A third blog shares stories of how interns have been helping me since 2006.

Too often people contact me and ask “can you help me build a tutor/mentor program” or can you help me “find volunteers” or “donors”.  I can do that, but my goal is to collect and share information that others in the community use to support the growth of a wide range of programs needed to help youth move through school and into jobs…which to me is the best way to reduce poverty, inequality and urban violence.

Since forming the Tutor/Mentor Institute, LLC in 2011 I’ve considered creating a new blog, with a different title, hoping to focus on this intermediary role that is my passion.  What prompted me to finally do this is that I’ve joined a connected learning MOOC, called Collaborative Curiosity

Participants in this course are encouraged to blog, preferably using WordPress, and interact on Twitter, using the hashtag #CuriousCoLab.  Other forms of communications will be explored and shared by leaders and members of the course.  

As I see ideas that I think others in my network will value, I will retweet them, as I’ve done with the Tweet below.

This is what I’ve been doing for almost 40 years. As I’ve collected information and ideas that I was using to build a volunteer-based tutor/mentor program in Chicago, I began to invite leaders from other programs together once a month to share their own ideas, while I shared mine.  This helped me. It helped them, too.

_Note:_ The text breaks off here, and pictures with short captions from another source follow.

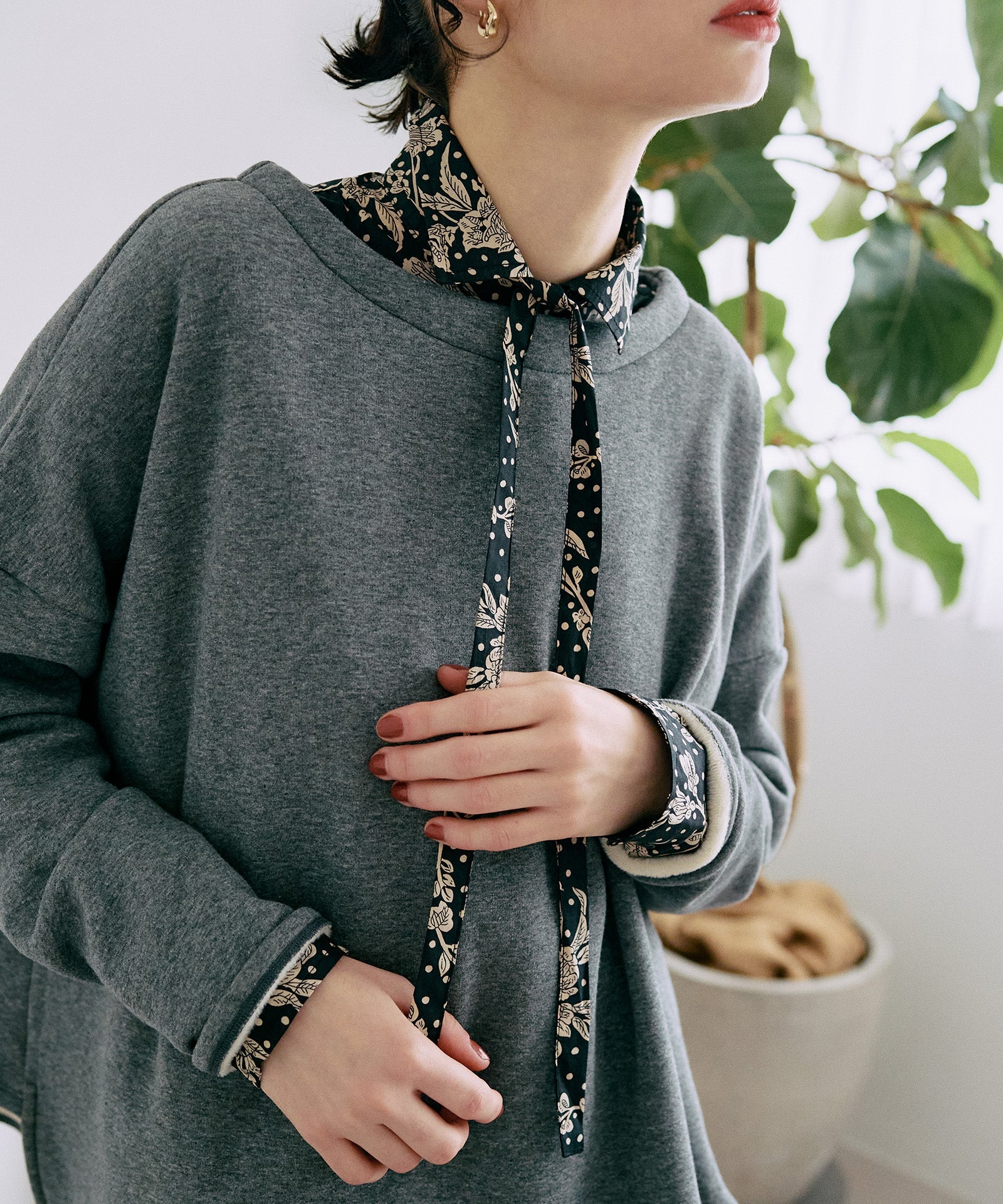 LIBERTYプリントボウタイシャツ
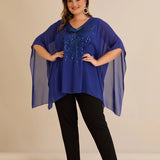 Празнична туника с акцент от пайети в свободна кройка - син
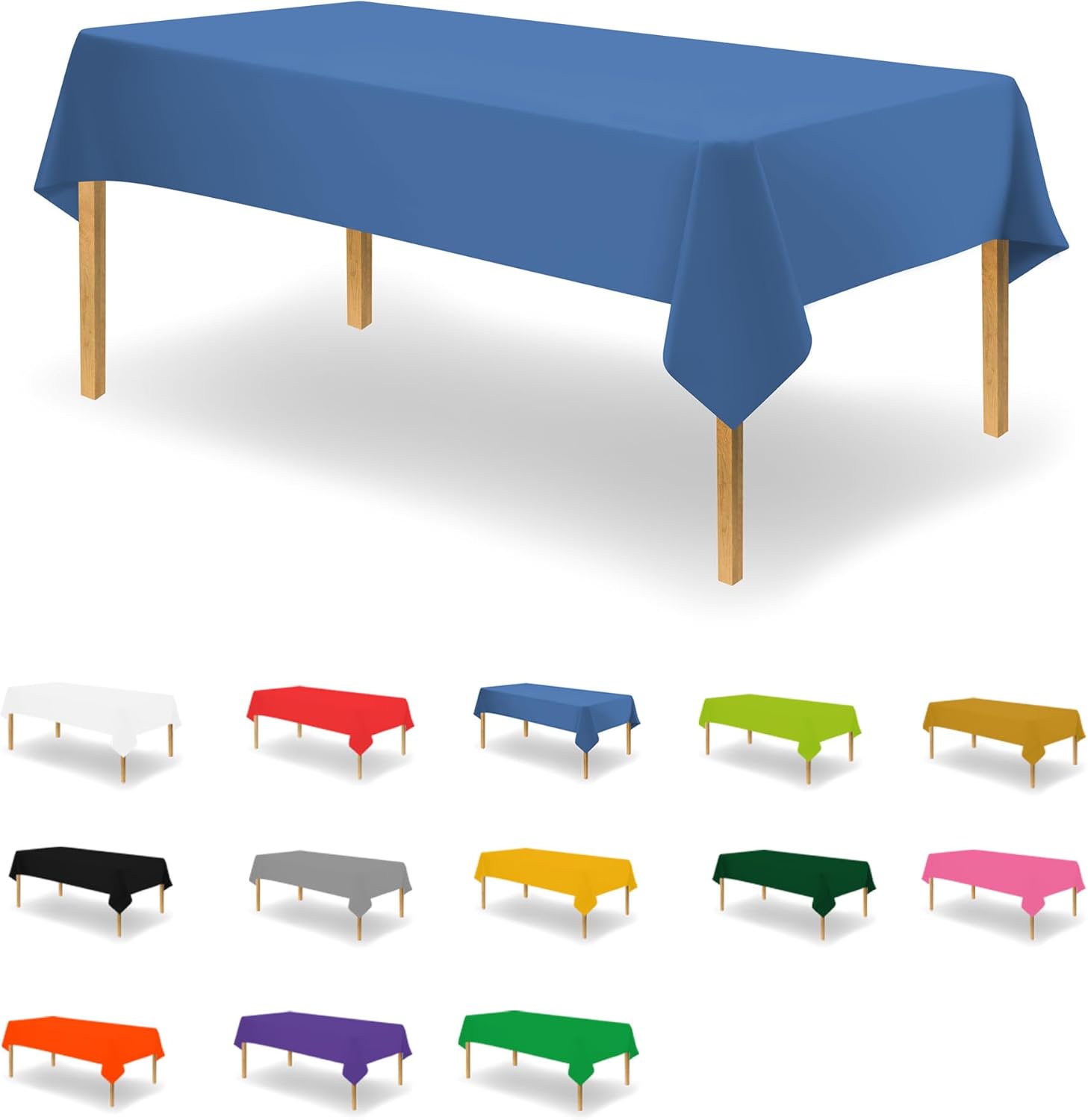 Blue Disposable Plastic Tablecloth for Rectangle Tables 12 Pack
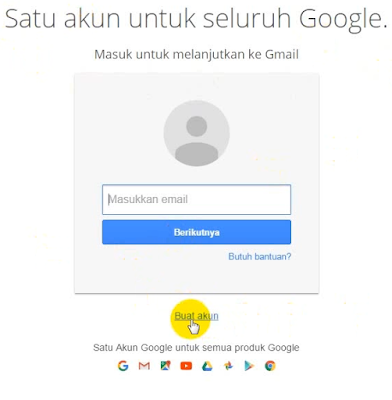 layar buat akun baru gmail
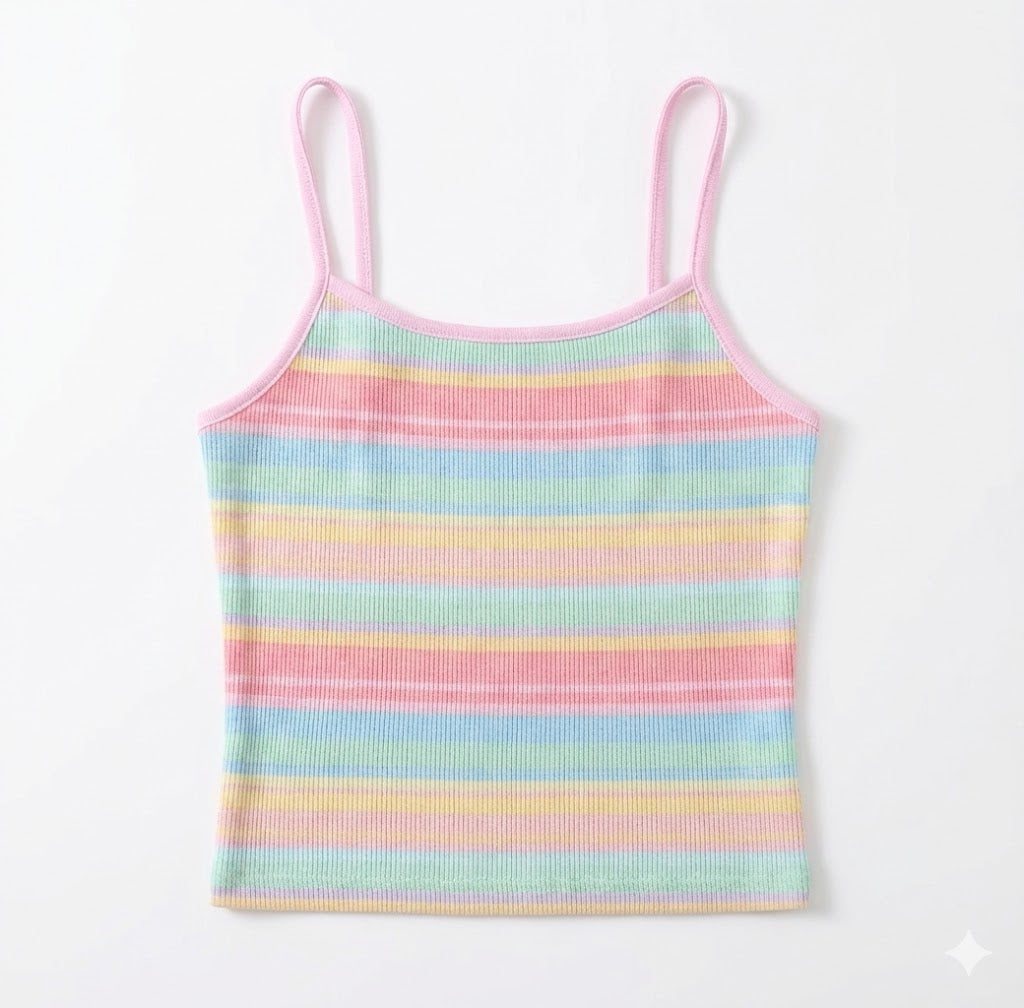 Bound-Edge Rainbow Ribbed Tank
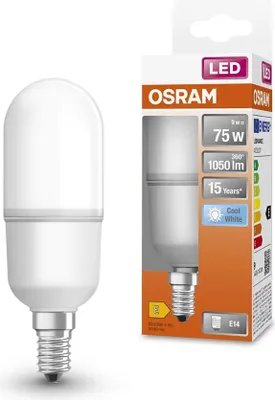 A product shot of an Osram LED lamp and its packaging.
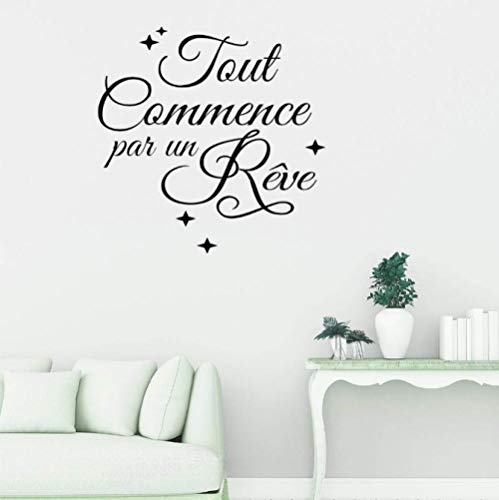 Stickers Muraux Tout Commence Par Un Reve Stickers Muraux Décor À La Maison Chambre Salon Français Citation Inspirante Sticker Mural Pour Bureau 42X42 Cm Cover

In 1993 I formalized this invitation to gather by creating the Tutor/Mentor Connection, with a mission to

gather and organize all that is known about successful non-school tutoring/mentoring programs and apply that knowledge to expand the availability and enhance the effectiveness of these services to children throughout the Chicago region.

The first goal of the T/MC was to do an inventory of Chicago to learn who was already offering some time of volunteer-based tutoring and/or mentoring, then to build an on-going public education campaign intended to draw those organizations together to learn from each other, or from the library I was building, and to education and motivate volunteers and donors to reach out consistently to support the on-going operations and improvement of programs in every poverty neighborhood of Chicago, not just the most visible programs.

Using the Directory of programs I was able to invite people to gather for a networking and learning conference, which I held every six months from May 1994 to May 2015.  I was able to invite programs to work together in an August/September Back-to-School volunteer recruitment campaign which launched in 1995 and at it’s peak in 2002, involved over 150 organizations. I still support that effort by hosting this list of more than 200 Chicago area youth serving organizations and by calling on volunteers and donors to shop and choose programs to support through blog articles I write regularly, and hopefully through articles others write, borrowing from my example.

Initially I shared what I was learning in printed newsletters, then in 1998 I started sharing this information through web sites and email newsletters. In 2005 I started sharing via blogs and then social media.

I started mapping program locations and indicators of need in 1994 and have continued to do this, with the help of volunteers and an inconsistent flow of dollars, through 2011. I still host an interactive map platform, but it’s out of date and needs tech support to be updated. It’s a model for what is possible.

Since this is a first blog, and an introduction, I’ll stop here. Hopefully in coming articles I’ll apply some of the ideas from the #consciouscolab event in helping others understand what a Tutor/Mentor Connection is, how it can be applied in their own city, and how I can help them with ideas and resources.